Foi absolutamente incomum a manifestação dos magistrados que presidiram o Tribunal Superior Eleitoral (TSE) desde 1988 em defesa do atual modelo de eleições no Brasil. A nota, que é assinada também pelo atual presidente do TSE, Luis Roberto Barroso, pelo vice, Edson Fachin, é uma resposta aos ataques do presidente Jair Bolsonaro, feitos na quinta-feira passada (29), em live com transmissão pela TV Brasil.
Apesar da admissão de que não tem as provas de fraude que prometera apresentar, Bolsonaro seguiu na mesma toada dos últimos três anos, colocando em dúvida a credibilidade do sistema eleitoral.
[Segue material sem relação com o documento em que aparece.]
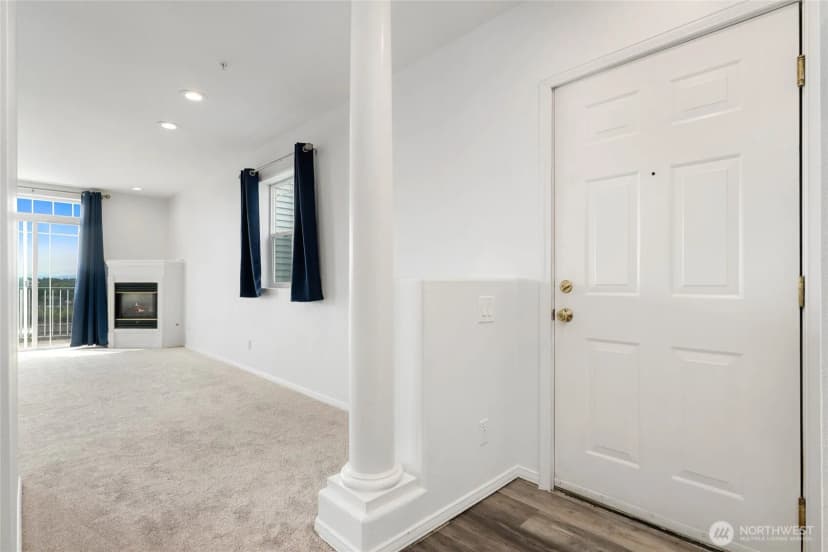 Property photo for 3990 129 Place Se #302, Bellevue photo 4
E convocou o que chamou de seu “exército” para as manifestações de domingo (1º), em defesa do voto impresso, enfeitado com adereços como “voto auditável”, “voto democrático” e “eleições limpas”.
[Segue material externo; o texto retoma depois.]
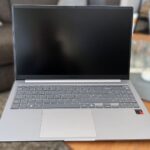 Bild på Samsung Galaxy book 4 med snapdragon processor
Embora a responsabilidade pela aprovação de mudanças no sistema seja do Congresso, Bolsonaro atacou o ministro Barroso em particular, por ter sido depois de uma conversa com o presidente do TSE que líderes dos partidos aliados do governo recuaram na intenção de aprovar o voto impresso. Em vez de questionar os deputados e senadores de sua base, o presidente optou por responsabilizar Barroso pelo insucesso no Congresso e lançar no ar a teoria conspiratória de que a resistência ao voto impresso seria parte de um movimento para eleger o ex-presidente Lula em 2022.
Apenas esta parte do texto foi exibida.